It looks like AI has followed Crypto chip wise in going CPU > GPU > ASIC
GPUs, while dominant in training large models, are often too power-hungry and costly for efficient inference at scale. This is opening new opportunities for specialized inference hardware, a market where startups like Untether AI were early pioneers.
In April, then-CEO Chris Walker had highlighted rising demand for Untether’s chips as enterprises sought alternatives to high-power GPUs. “There’s a strong appetite for processors that don’t consume as much energy as Nvidia’s energy-hungry GPUs that are pushing racks to 120 kilowatts,” Walker told CRN. Walker left Untether AI in May.
Hopefully the training part of AI goes to ASIC’s to reduce costs and energy use but GPU’s continue to improve inference and increase VRAM sizes to the point that AI requires nothing special to run it locally
The ASICs will come as soon as the architecture stabilizes.

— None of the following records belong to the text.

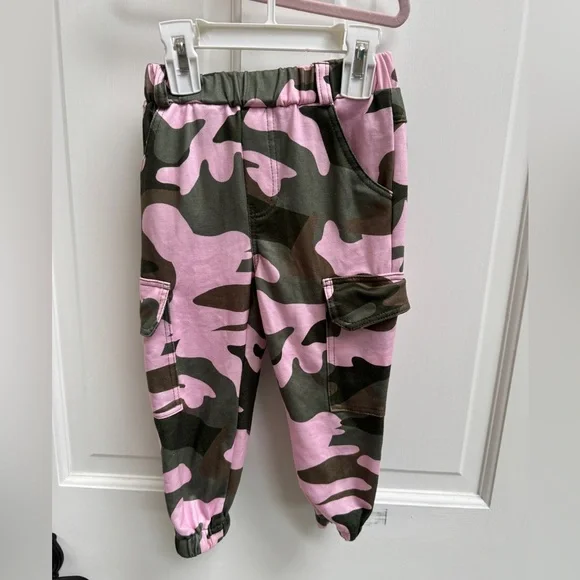 3T Girls Pink and Green Camouflage Jogger Sweatpants with Pockets - Picture 1 of 7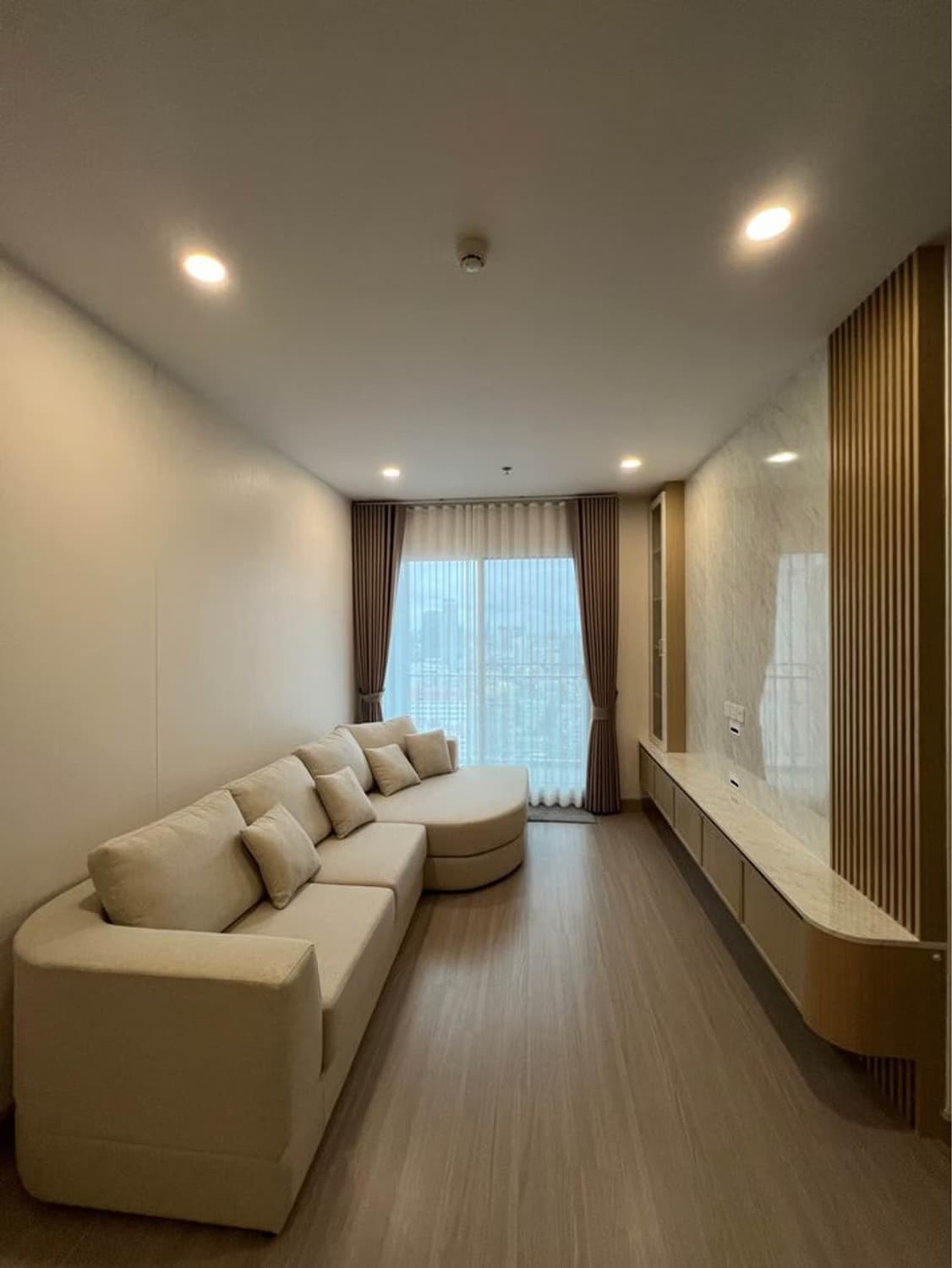 2 Bed Condo for Rent in Bang Rak - Image 1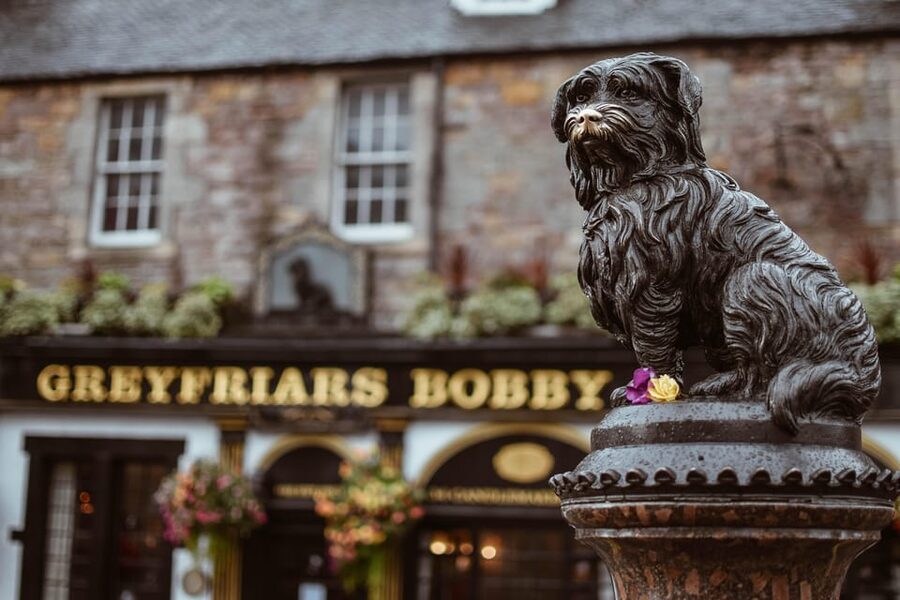 Edinburgh: Royal Mile Walking Tour & Exploration Game - How the app changes the pace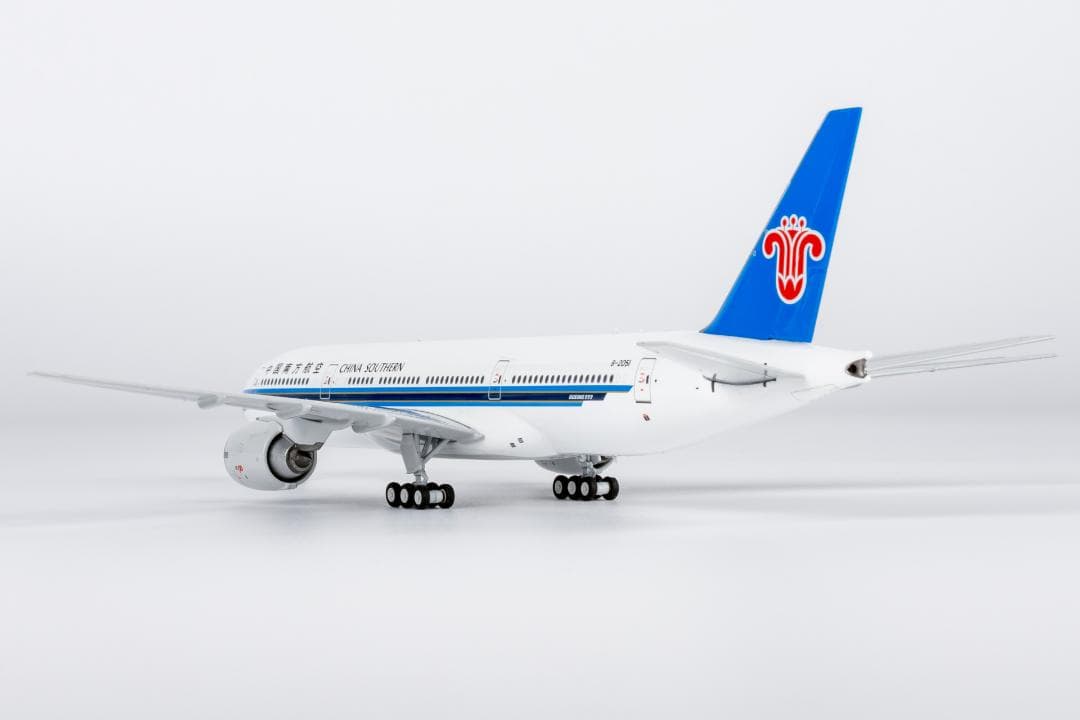 中国南方航空 777-200 B-2051 1/400 - メルカリ
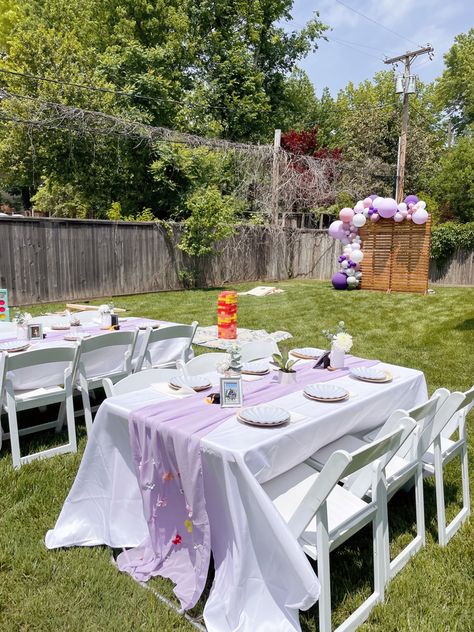 Graduation Purple Theme, Graduation Party Purple Theme, Graduation Party Cookout, Grad Party Outside, Outdoor College Graduation Party Ideas, Light Purple Graduation Party, Lavender Grad Party, Purple And Gold Graduation Party, Pink And Purple Graduation Party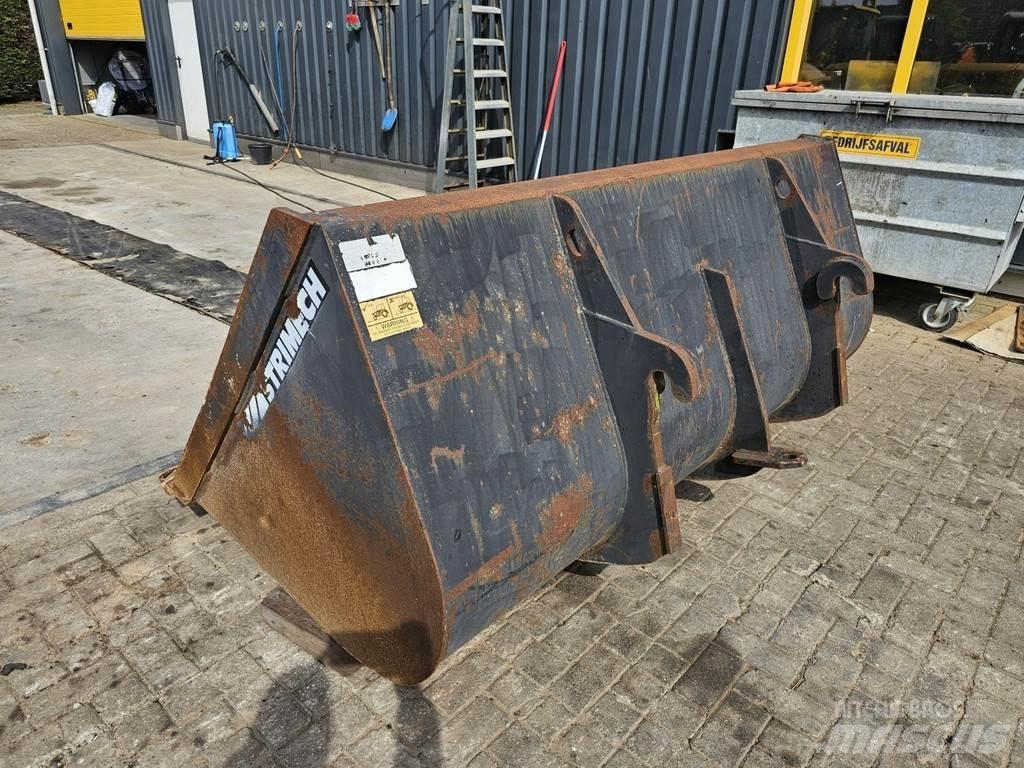 Merlo TF33.7-115 مناولات متداخلة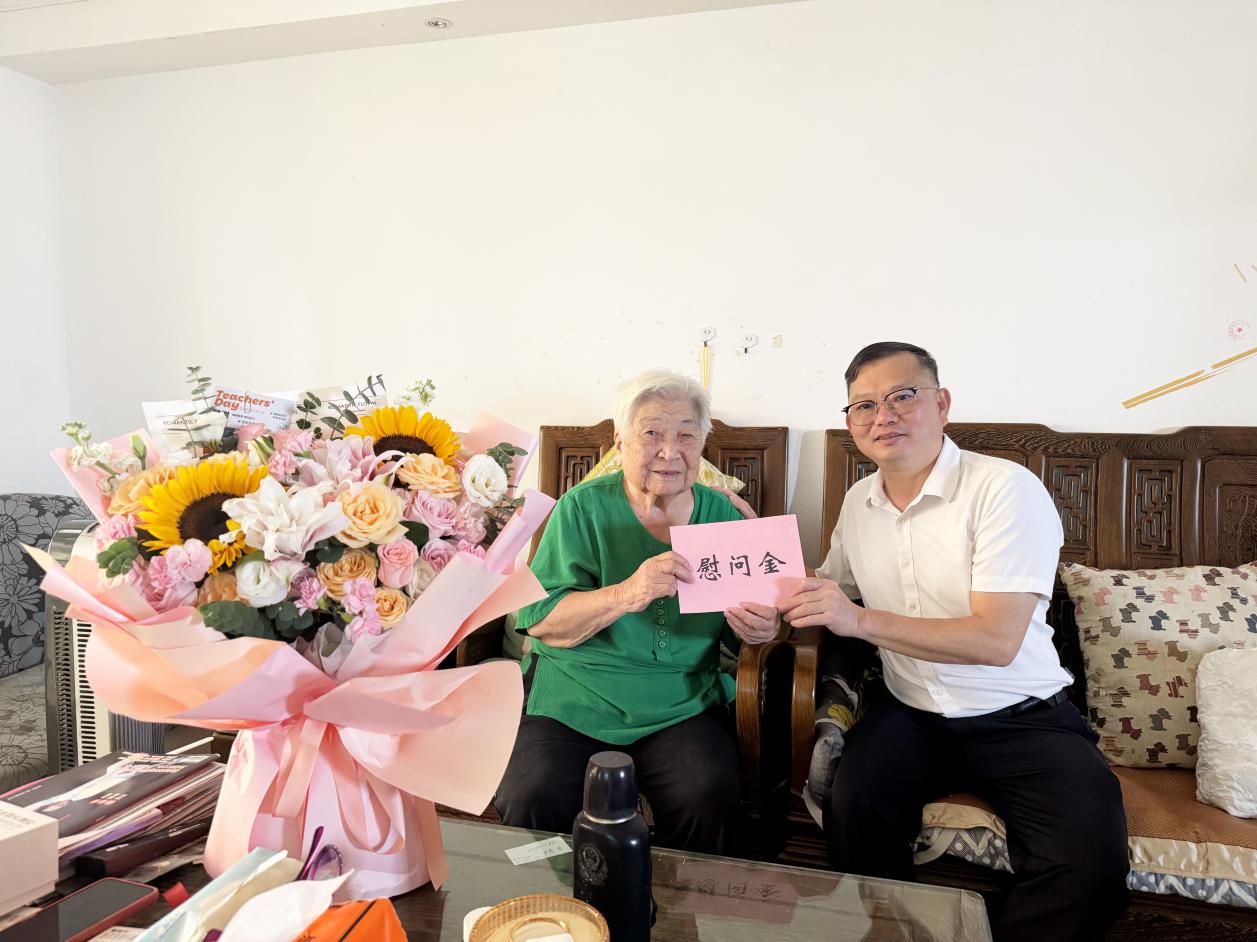 慰问离休教师代表11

The problem with building specialized hardware today is it won’t necessarily be capable of running models that come out tomorrow.
With AMD’s IP, they could make a hybrid chip, eg a (for example) bitnet ASIC hanging off a GPU for flexible, cuda-compatible compute where needed.
Nvidia sorta does this now (with tensor cores being a separate part of the die), but with their history of MCM designs, AMD could take it to an extreme.